I totally agree about this being the way forward. In my language it is a transformational goal, and therefore outside of mainstream politics. Rather, they were coming from a territory we could call transformational politics, or deep social change. There is a way in which the transformational should confront the mainstream. Julius and his comrades demonstrated that in the most positive and proactive way. However, at the bottom line, transformational politics operates on very deep personal and collective levels that mainstream politics cannot work from. Due to our culture, that is the way our world works. And maybe that is due to the nature of evolution and our species.

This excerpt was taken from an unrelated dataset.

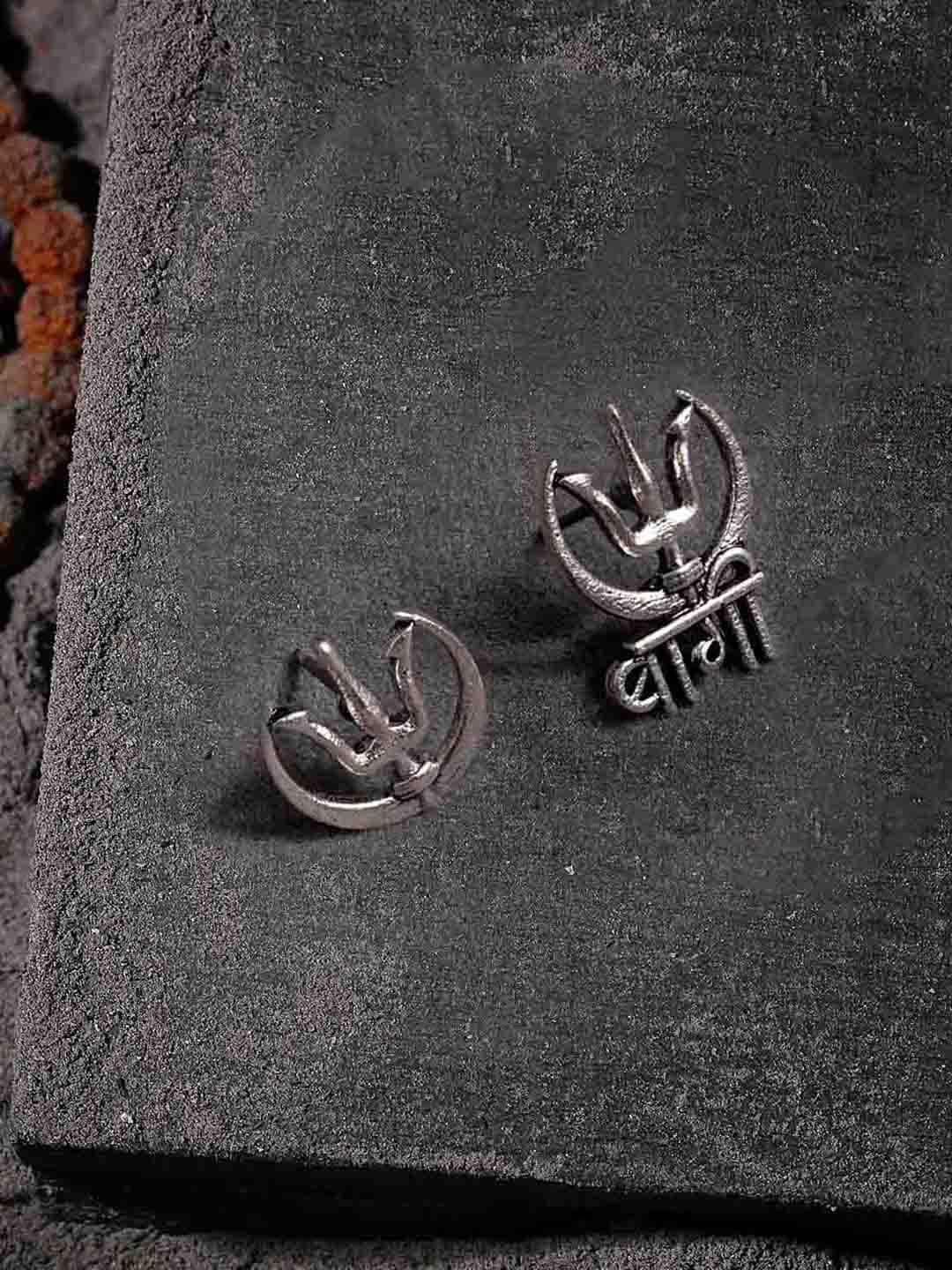

Voylla Silver-Plated Quirky Studs Earrings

I agree with Hilary on the outer stuff—laws, resources, etc. I don’t agree with her on the inner stuff, on not being able to change our hearts. But she is not without wisdom in saying we can’t change hearts. That has been the core of my work and personal experience for the past 35 years in a small intentional community in NYC we established as a research project in transformational politics at both the personal and a small collective level. I have changed my heart in many ways, and have been with others who have also. But, honestly, I can’t imagine more challenging work. Even the work of changing laws, etc. There is a profound differential factor of scale and time involved in the processes of mainstream and transformational politics. We can change laws and allocations of resources affect our systems operate. This is vital work and must be pursued by every generation.

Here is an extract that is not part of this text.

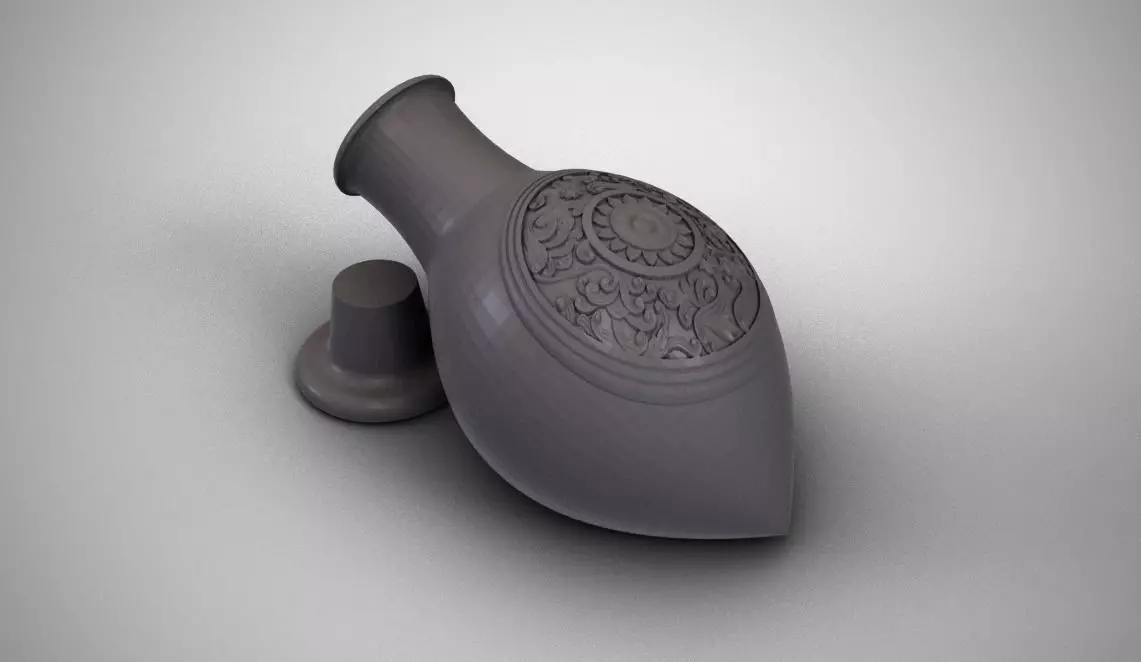 Pitcher bottle with ornate design 3D print model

However, it does not change culture in any deep way, and culture shapes all the ways we use and don’t use laws and resources. (That is the primary reason why, in my opinion, we are again struggling for the unobstructed right to vote 50 years after the landmark Voting Rights Act. And the primary reason why the three oppressions—gender, race, and class—have persist for millennia and are still so alive.)   Culture has a lot of influence on producing the “unintended consequences” of all underlying policies. Changing culture requires getting to the heart of personal and collective matters. We, each of us, embody our culture. It is what we began incorporating from birth in order to survive and grow up. We are its primary site. At the core of our cultures is a dynamic that William Faulkner described so eloquently as “the human heart in conflict with itself.” It’s a bitch to change. It’s why capitalist patriarchy in its class, gender, and racial forms persists tenaciously.

This is the dynamic our small cooperative culture has been working with and looking at for 35 years. The best analogy I know of as to how daunting the challenge is came from a friend of mine when our project was described to her in our early years. “I think it’s on the scale of moving a mountain with a teaspoon,” was her simple response. I so disagreed with her at the time. I was full of enthusiasm and passionately committed. And I loved how that felt! I mean loved it! Did not want to hear anything that might sap the sources of that energy.

Today, I am still full of enthusiasm and passionately committed, and I still love how that feels. But my friend made a very important point. It took a long time but I gradually came to see her wisdom. It became crucial in my not getting burned out. (At least not so much that I couldn’t come back from it somewhat smarter than before.) And for not despairing to the point of giving up.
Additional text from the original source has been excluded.